To be sure, many companies are already implementing the types of programs that would be called for by these regulations, either voluntarily or under state and local regulations.  But even where companies are already implementing in practice the core elements of a proposed regulation, such as leak detection and repair, the transformation of such elements into enforceable obligations subject to compliance certifications “ups the compliance risk ante”—companies need to review the proposal carefully to ensure that when it comes to complying with the detailed requirements, they understand what will be required and what they must certify to the government they have done (and report deviations) on an annual basis.  This task is somewhat complicated by the fact that regulatory language is not available at this time, which is a critical aspect of analyzing the impacts of a rule. At the same time, regulated entities can treat this as an opportunity for to provide input on key aspects of how EPA should craft the regulatory language for the existing sources to take into account practical compliance concerns from the outset.  And when the proposed regulation text is made available in early 2022, careful examination and comment will be in order and a key to success in complying with whatever regulations are issued. Finally, though state plans may differ from the federal existing source emissions guidelines, in practice, we see states largely adopt the federal language, which sets a stringency floor for state plans.

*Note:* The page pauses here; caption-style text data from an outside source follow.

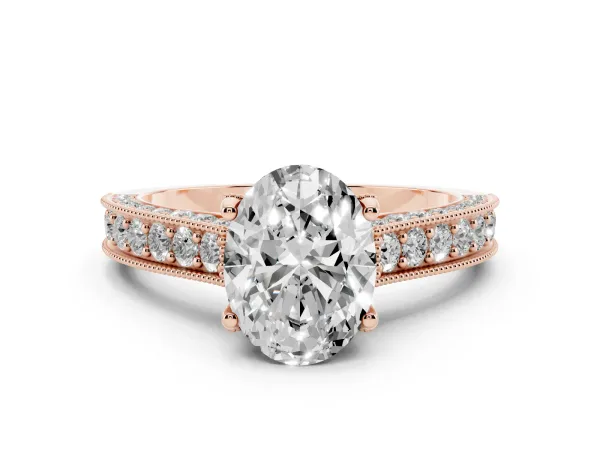 Oval Cut Cut Diamond Solitaire Ring with Milgrain Pave Band and Four Prong Setting Rose gold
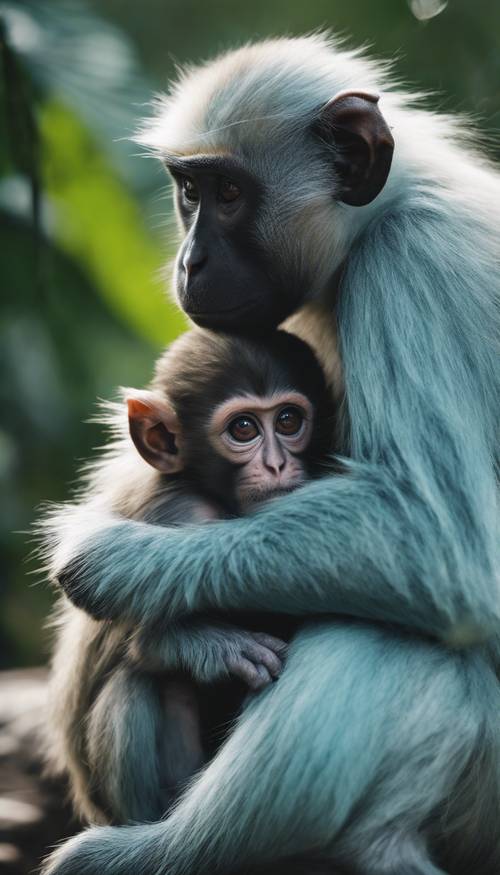 Um bebê macaco azul agarrado ao pelo da mãe em uma densa selva tropical.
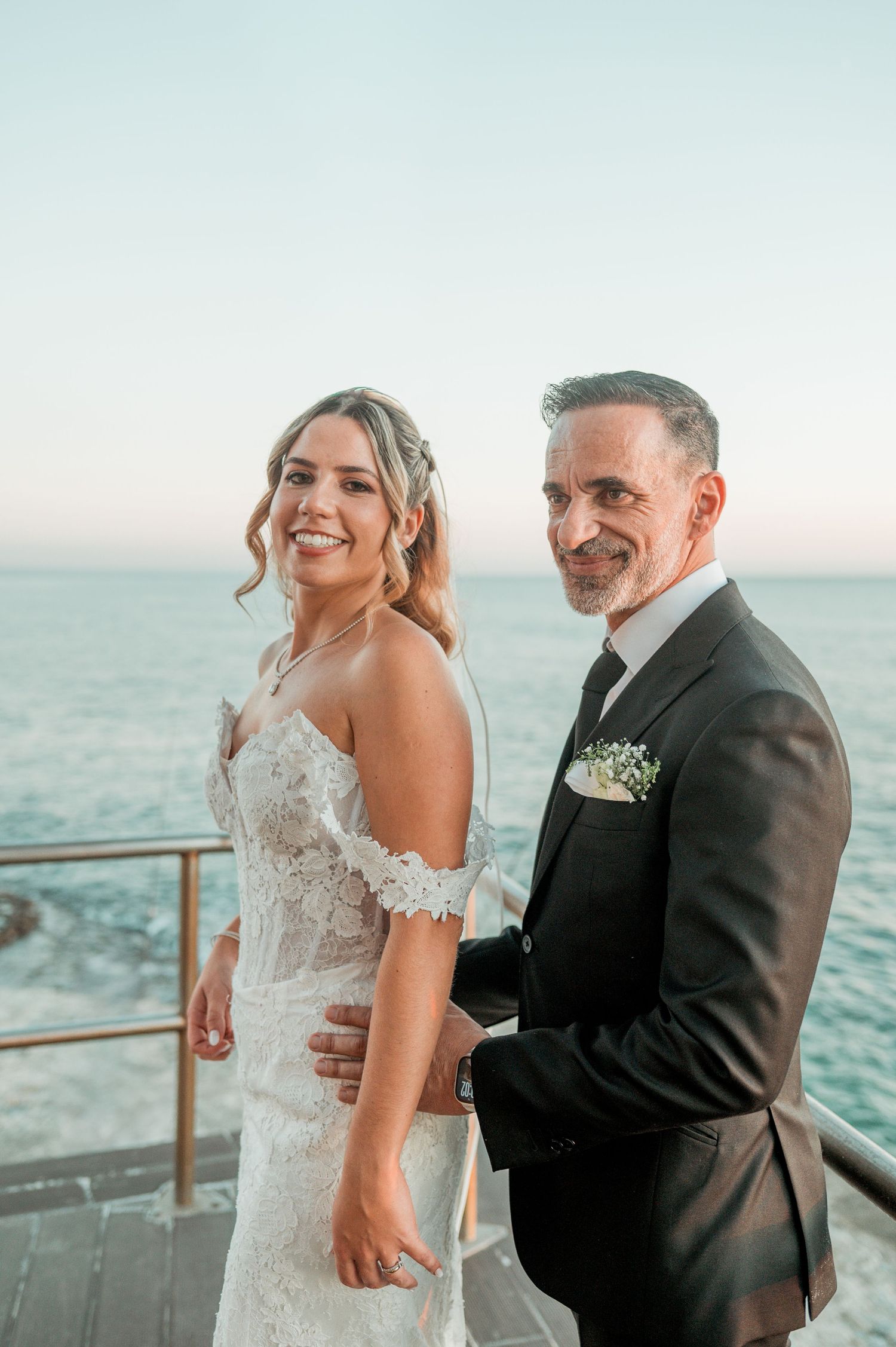Romantic wedding portraits overlooking the ocean in Parede, Portugal.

  1. Amendments to the 2020 Technical Rule: Another important aspect of the proposal is that it would revise Quad Oa to (1) rescind the revisions to the VOC fugitive emissions monitoring frequencies at well sites and gathering and boosting compressor stations in the Technical Rule as EPA believes “those revisions were not [well] supported” and (2) adjust other modifications made in the Technical Rule to address implementation issues that result from the CRA disapproval of the Policy Rule. These changes are important and may have more practical implications worth addressing in comments than the switch regarding regulation of methane from the sector, as many companies have publicly stated that they favor methane regulation and are already subject to extensive regulation at the state level.

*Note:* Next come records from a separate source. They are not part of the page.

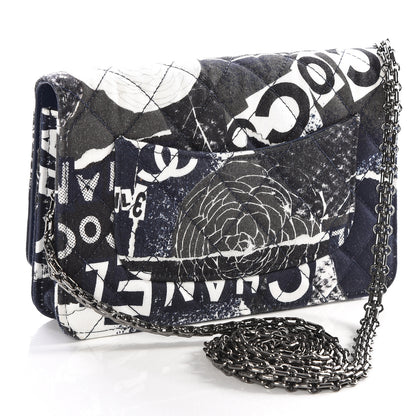 Chanel Canvas Printed Quilted 2.55 Reissue Wallet On Chain WOC White Black Navy Blue 2 of 14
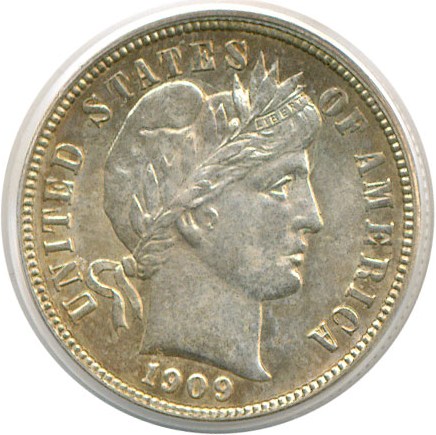 image for: 1909-D 10c  PCGS MS64
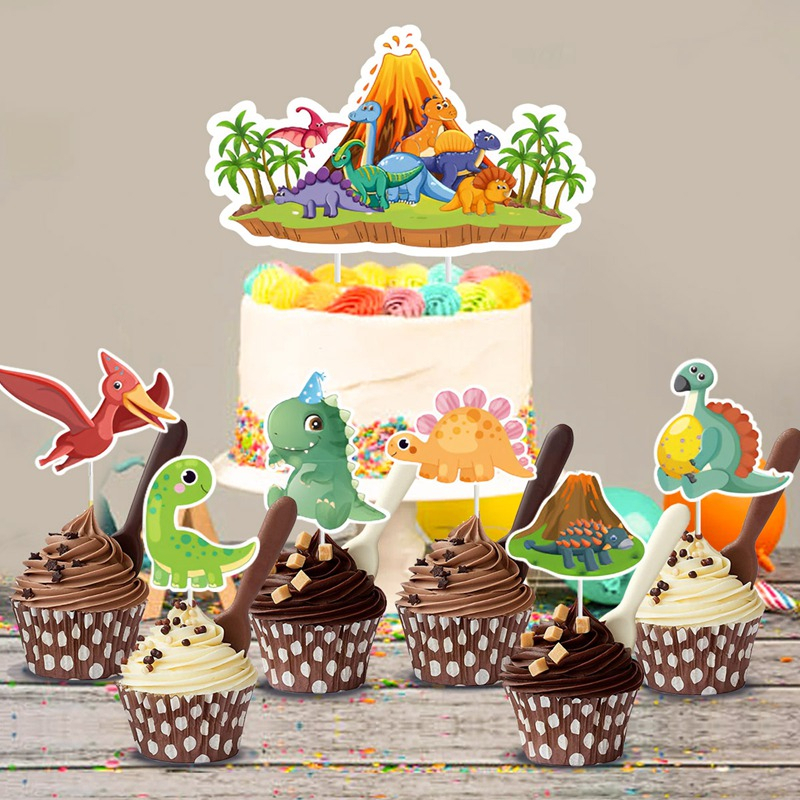 恐龍可愛創意蛋糕裝飾野生動物園主題派對裝飾品卡通雷克斯森林小樹烘焙紙杯蛋糕裝飾插入恐龍生日主題侏羅紀世界蛋糕裝飾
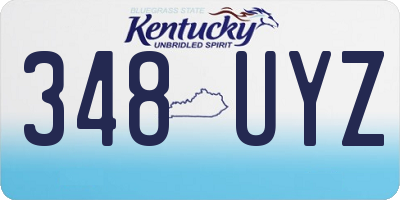 KY license plate 348UYZ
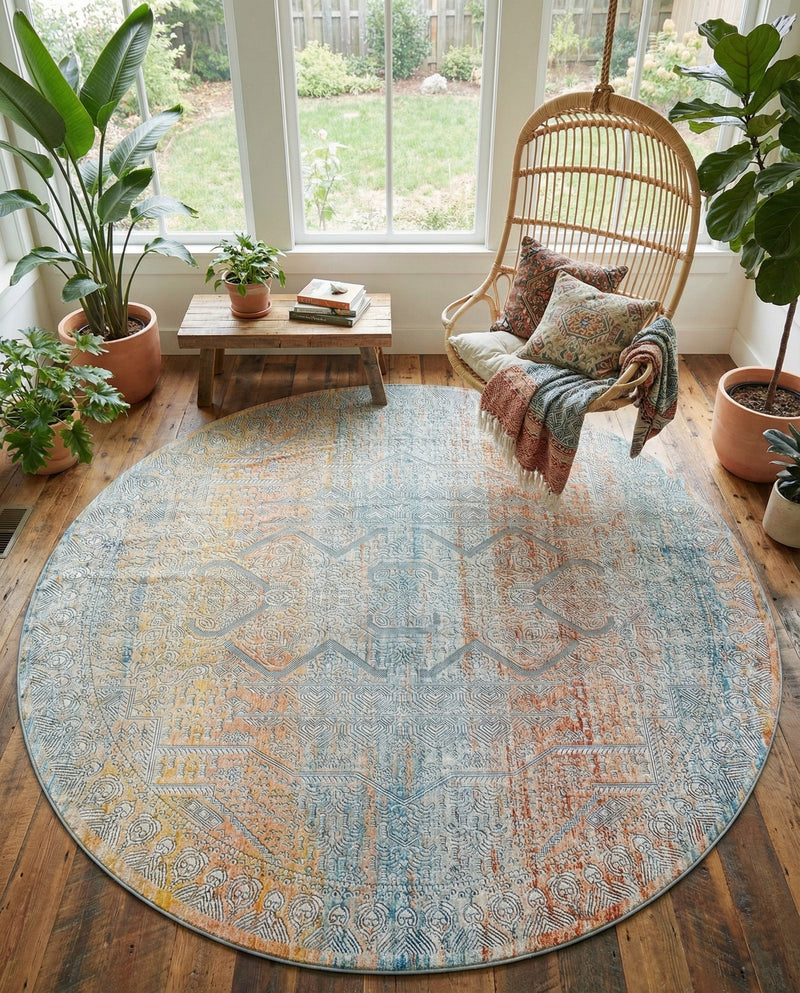 Coastal Haven Collection Area Rug -  Oceania Round Multi  lifestyle 63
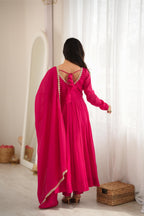 Red Mal Chanderi Mirror Work Anarkali Set | Tulip Designer
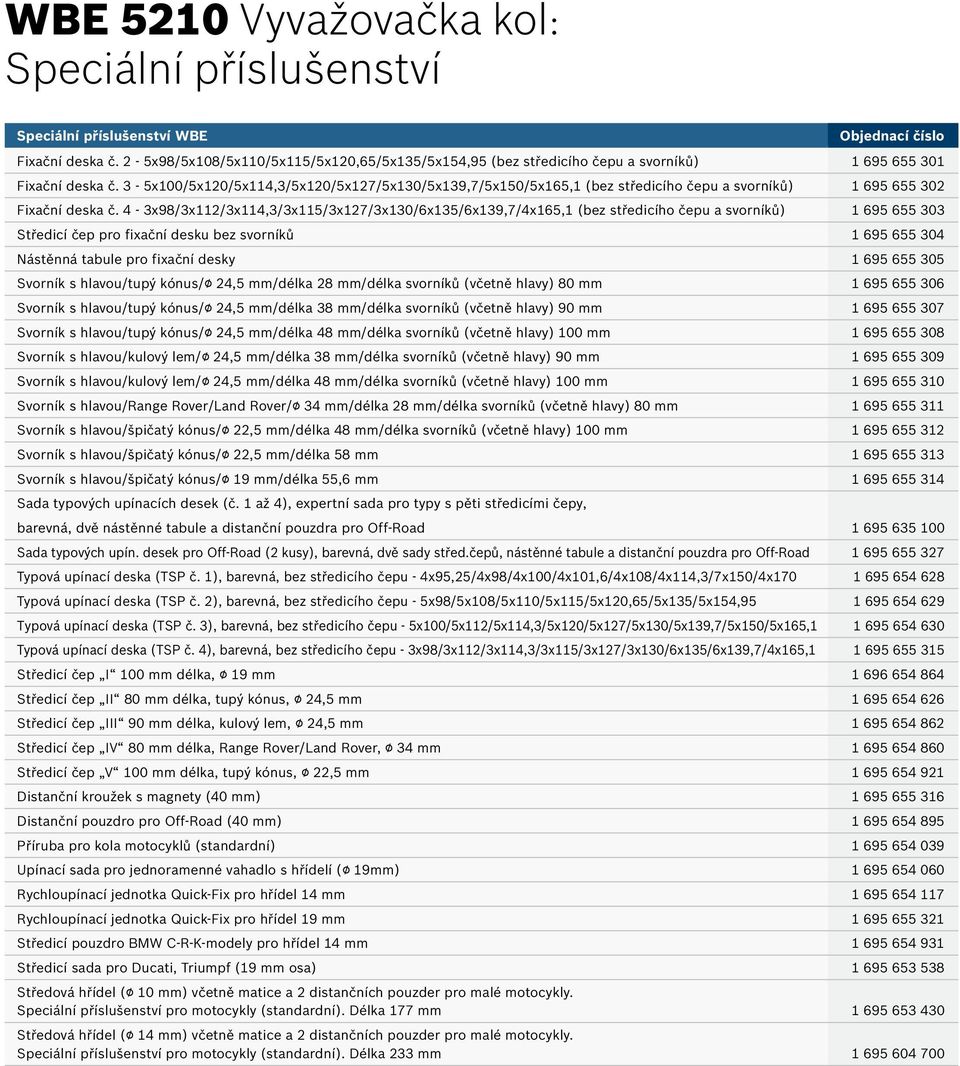 3-5x100/5x120/5x114,3/5x120/5x127/5x130/5x139,7/5x150/5x165,1 (bez středicího čepu a svorníků) 1 695 655 302 Fixační deska č.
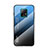 Silicone Frame Mirror Rainbow Gradient Case Cover LS1 for Xiaomi Redmi 10X 5G Blue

  2. Implementing the Congressional Review Act Resolution That Repealed the Trump Administration’s 2020 Policy RuleIn September 2020, EPA issued a regulation that rescinded the Obama Administration’s determinations regarding the appropriateness of regulating the Transportation and Storage segment of the oil and gas sector, while supporting the propriety of regulating the Processing and Production segment for VOCs, but not for GHGs (again due largely to statutory process concerns). The crux of that action was a determination that the proper procedure had not been followed under Section 111 to regulate Transportation and Storage activities at all and to regulate methane from the Production and Processing segment, though such a procedure could be followed in the future and if it were, such regulations could be issued. This action was commonly referred to as the “2020 Policy Rule,” in part because it was issued in tandem with a “2020 Technical Rule” that made several changes to the Quad O and Quad Oa regulations related to implementation of the requirements that had been issued previously.

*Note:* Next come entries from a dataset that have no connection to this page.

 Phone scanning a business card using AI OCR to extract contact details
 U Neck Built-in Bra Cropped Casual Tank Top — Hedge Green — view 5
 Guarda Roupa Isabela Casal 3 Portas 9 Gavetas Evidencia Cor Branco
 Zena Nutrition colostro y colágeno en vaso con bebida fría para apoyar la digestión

In June 2021, pursuant to a Congressional Review Act (CRA) resolution, the 2020 Policy Rule was rescinded. The 2021 CRA resolution nullified the 2020 Policy Rule and thereby reinstated regulation of VOC and methane emissions for the Transportation and Storage segment and for methane emissions for the Production and Processing segments. The 2020 Technical Rule was not a part of the CRA resolution. The proposal on November 2 states that it aims to implement in regulatory language the effect of the CRA Resolution rescinding the 2020 Policy Rule, which largely involves adding the word “GHGs” as well as deleting Transportation and Storage segment definitions and applicability provisions back into the rule. While seemingly straightforward, the impacts of what appear to be simple changes are more complex than first meets the eye, as reflected in an EPA Q&A document issued earlier this summer.